Reality hits mad merger pricing





    Headline: Reality hits mad merger pricing
Source: Euromoney
Date: July 2000
Author: Ben Beasley-Murray

Secondary loan market takes off

Last year's high-margin financing for Olivetti may have been the peak for fees and prices on the syndication of huge merger loans. But the mergers go on and spreads are getting less wild, more credit-sensitive. A secondary market is growing in Europe, and institutional investors are stepping in to fill a possible gap in bank liquidity. Ben Beasley-Murray reports

The past year has been a trail-blazing period for syndicated lending, with loans of unprecedented size coming to the market. Fees and margins have grown to match, turning a market that for years has been regarded purely as relationship driven into a valuable money-spinner. "The difference between today and two years ago," says Peter Gleysteen, global head of syndicated lending at Chase, "is that today the pricing baseline is in the money."

The market is seeing a little more reality after the excesses of 12 months ago when the uncertainty as to what was possible led to issues being priced over the odds. But with M&A activity and corporate restructuring continuing apace there is no danger of the market going into reverse.

"Margins were up here, fees were up here," says one banker with upstretched arms to make the point. "Now the market is coming back to earth, and banks are getting a more realistic yield."

Several factors combined to drive up prices ­ above all, the scale of lending was so large that prices were bid up to ensure that deals got away. Whereas previously a corporate could rely on a core of relationship banks to provide funding, the emergence of jumbo loans for acquisitions required more attractive spreads and fees in order to find takers. "Once you get outside that group of banks to whom you're giving auxiliary business, you've got to appeal to the banks that are starting to look at this as a true transaction," says Tony Rhodes, global head of syndicated finance at HSBC. "Ultimately it's the price to get in the last bank that matters." As a result, the single-A corporate borrower that might have been borrowing working capital at 20 or 25 basis points over Libor was looking at perhaps 50bp to 75bp if it wanted to raise around $5 billion to make an acquisition. "This kind of hike may be anathema to the corporate's treasurer," says Rhodes, "but to the finance director with a bigger picture of where the company is going, and with a view to the step-change that the entity is achieving, the cost is pretty minimal."
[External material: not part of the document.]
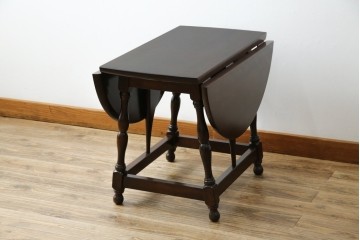 中古　松本民芸家具　凝った脚のデザインが魅力の#83型バタフライテーブル　定価約15万円　(R-067010)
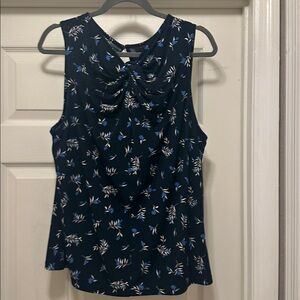 Ann Taylor Factory Navy Blue Floral Blouse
"Clearly we're in an industry where every basis point matters," says another banker, "but at the end of the day the cost of not getting a deal done is so much more than paying a premium to get the money together in an event-driven transaction." Although there is consensus that there will always be a premium on financings centred on acquisition activity, more aggressive pricing is likely in future.



Brenda Mills
"The market is becoming more seasoned," says Brenda Mills, head of syndications at ABN Amro. "The market was tested with the early jumbo facilities and it delivered and got paid for doing so. Now that everybody knows it can support these large financings I don't believe there's so much nervousness in the underwriting decisions. There's no longer any compulsion to price these deals up."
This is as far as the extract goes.